Peygamber efendimiz, müflis olanı yani iflas eden kimseyi şöyle bildiriyor: (Müflis, şu kimsedir ki, kıyamette, amel defterinde pek çok namaz, oruç ve zekât sevabı bulunur, fakat bazılarına çeşitli yönden zararı dokunmuştur. Sevabları, bu hak sahiplerine verilir. Hakları ödenmeden önce sevabları biterse, hak sahiplerinin günahları, bunun üzerine yükletilip Cehenneme atılır.)

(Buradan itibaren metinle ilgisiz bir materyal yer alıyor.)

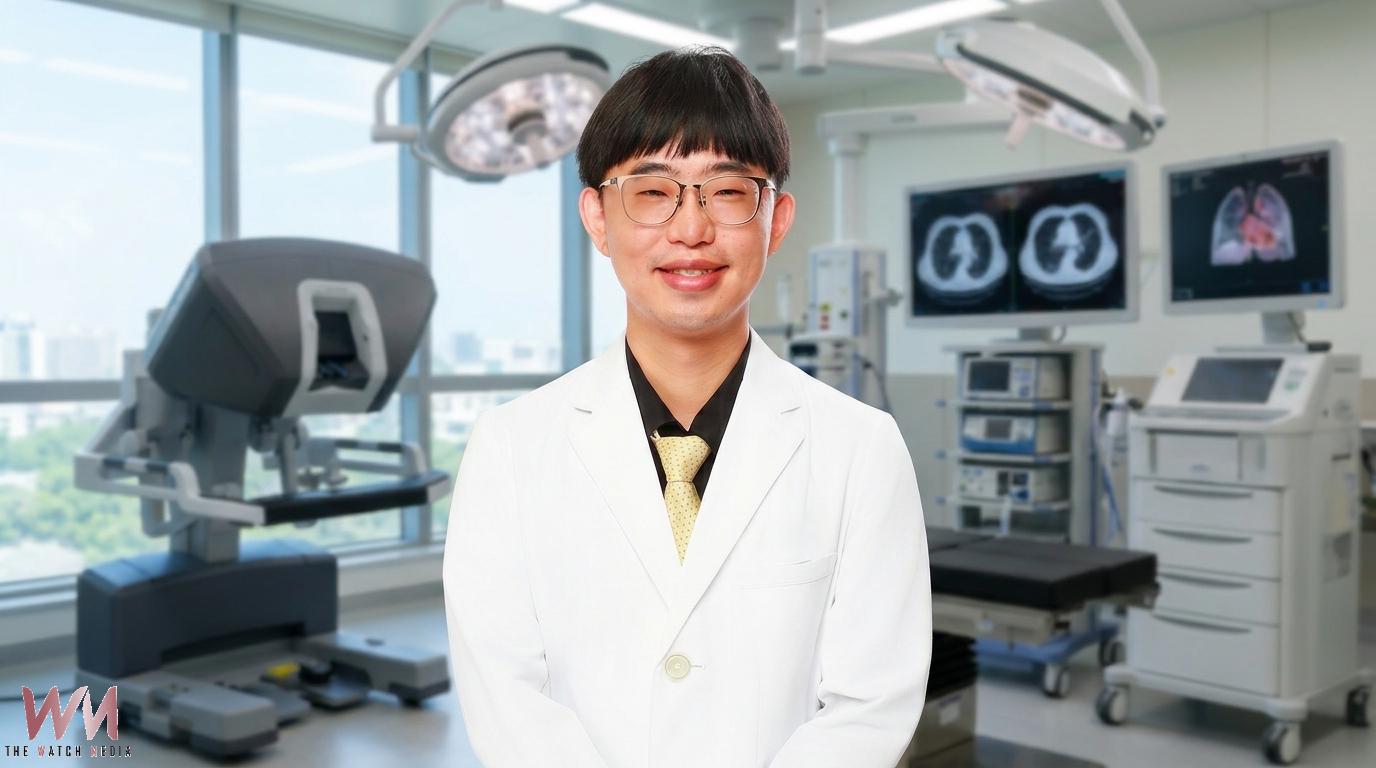 守住更多健康肺    嘉基一站式精準切除病灶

İşte, kul hakkının önemini bilip bundan sakınan bir Müslüman, kesinlikle tartışmaya giremez, kavga edemez, kalb kıramaz, çünkü kul hakkından korkar. Hele kalb kırarak kul hakkına girmek, çok büyük günahtır. Bunun için Peygamber efendimiz buyuruyor ki: (Bir müminin kalbini kırmak, 70 defa Kâbe'yi yıkmaktan büyük günahtır.)
Din kitaplarımızda, (Hanımının hak ve hukukuna riayet edemeyecek olan, kul hakkına girmemek için evlenmesin) buyuruluyor. Yani kadın, esir değildir, köle değildir, hizmetçi de değildir.

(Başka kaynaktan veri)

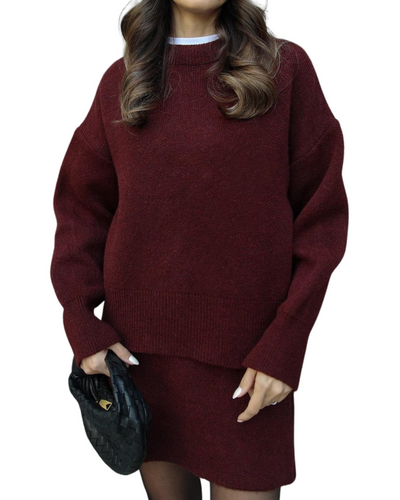Marie - Trendy Autumn Set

Bazı din büyükleri, kul hakkı geçmesin diye, kendi hanımından, kendi çocuğundan bile, bir bardak su istemez, kalkıp kendileri alır, bazı büyükler de, emir vermemiş olmak için, (Bir bardak su verir misin?) derler, kul hakkından çok korkarlardı.